Not All Roses and Sunshine

The relationship hit a bump in April, when MySpace blocked users from posting slide shows and videos stored on Photobucket and cut off traffic headed to the site. The photo-sharing site violated the social network’s terms of service by inserting ads within the image files, MySpace said. Photobucket responded by claiming that MySpace “by severely restricting this freedom … is showing that it considers you as a commodity which it can treat as it sees fit.”

Two weeks of negotiations later, however, the two Internet companies had settled their issues. “We’ve established open lines of communication and procedures with MySpace to prevent a sudden block of Photobucket content in the future,” Photobucket stated.

Reality in Pricing

Google beat out News Corp.’s Rupert Murdoch last October when it paid $1.65 billion for YouTube. Murdoch’s desire to acquire the Web’s No. 1 video site was widely known.

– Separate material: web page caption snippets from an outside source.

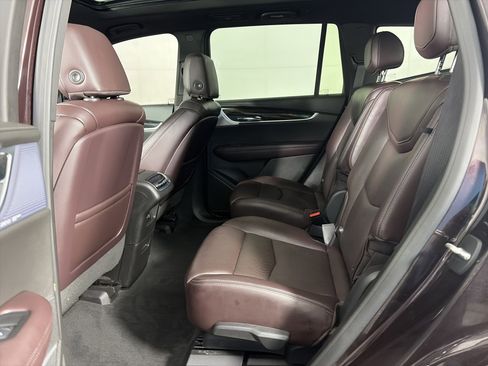 Used 2020 Cadillac XT6 Premium Luxury image 11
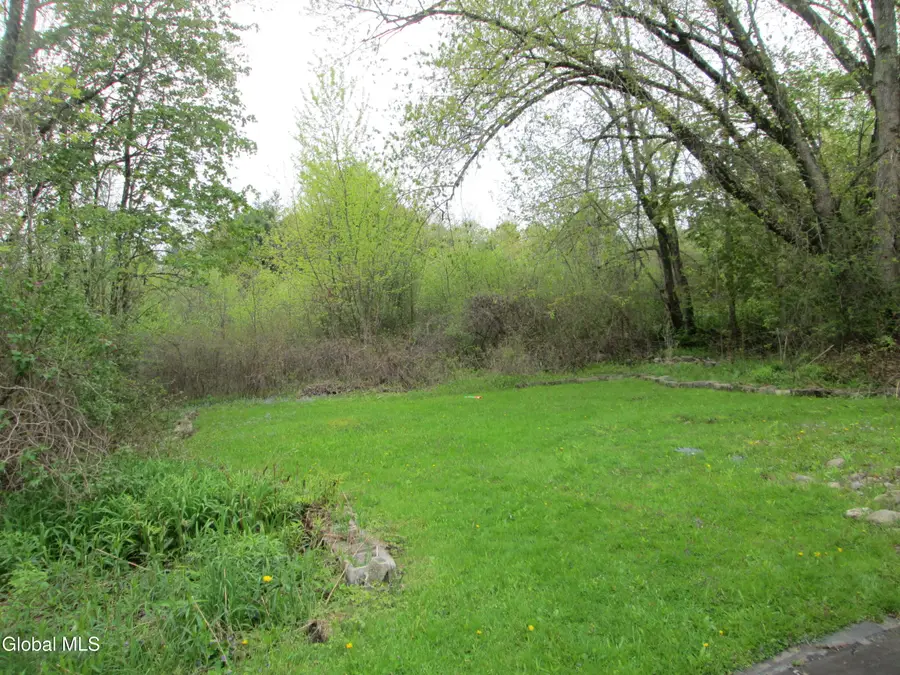 15 Wilson Street, Gloversville, NY 12078 - #3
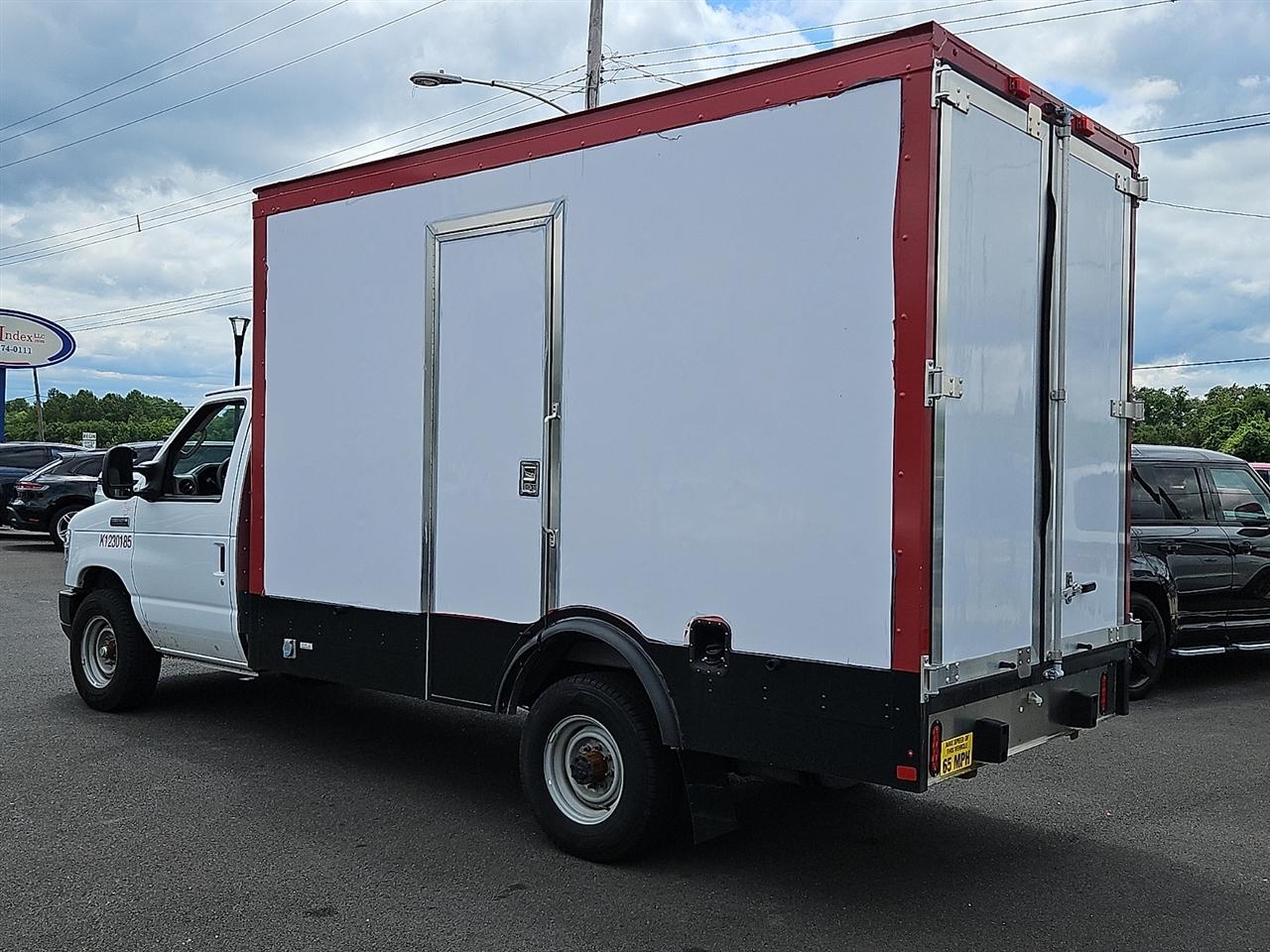 Ford E-Series Cutaway E-350 SRW 138" WB 2024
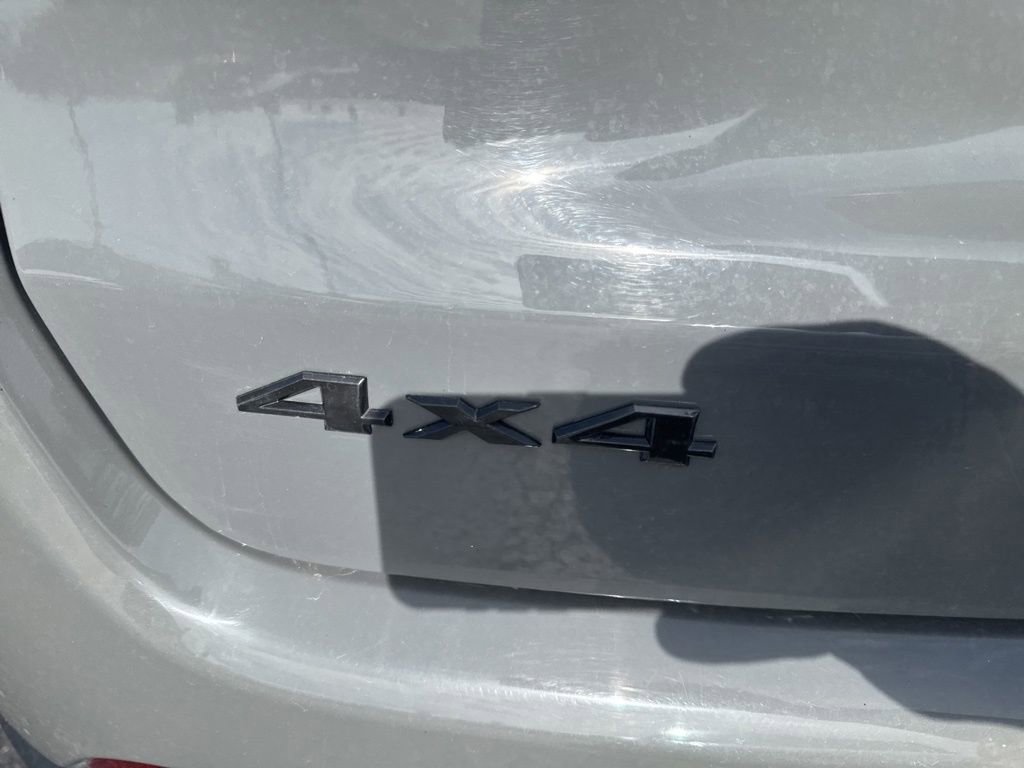 Used 2023 Jeep Compass Latitude image 42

If the reported deal is in fact struck, Murdoch gets his money’s worth as well as an additional 9 million users, assuming that half of Photobucket’s 18 million monthly visitors already belong to MySpace, McQuivey said. For the industry as a whole, it means a return to a more realistic pricing model.

“Finally, a purchase price in the social computing space that makes sense,” McQuivey explained. “In a Photobucket acquisition, MySpace would be paying for technology, yes, but also for users — even if half of the users Photobucket has are already MySpace users, it means they’re spending $10 a person for registered users and closer to $30 for active users.

“That’s easily money that can be made back in advertising dollars by showing those people ads for the next few years,” he added. “We don’t need to count on some future business model like Google did when it bet $1.65 billion on YouTube.”

The industry, according to McQuivey, can expect that more social computing deals will be made, “but more of them priced like this, based on the revenue value of the users.”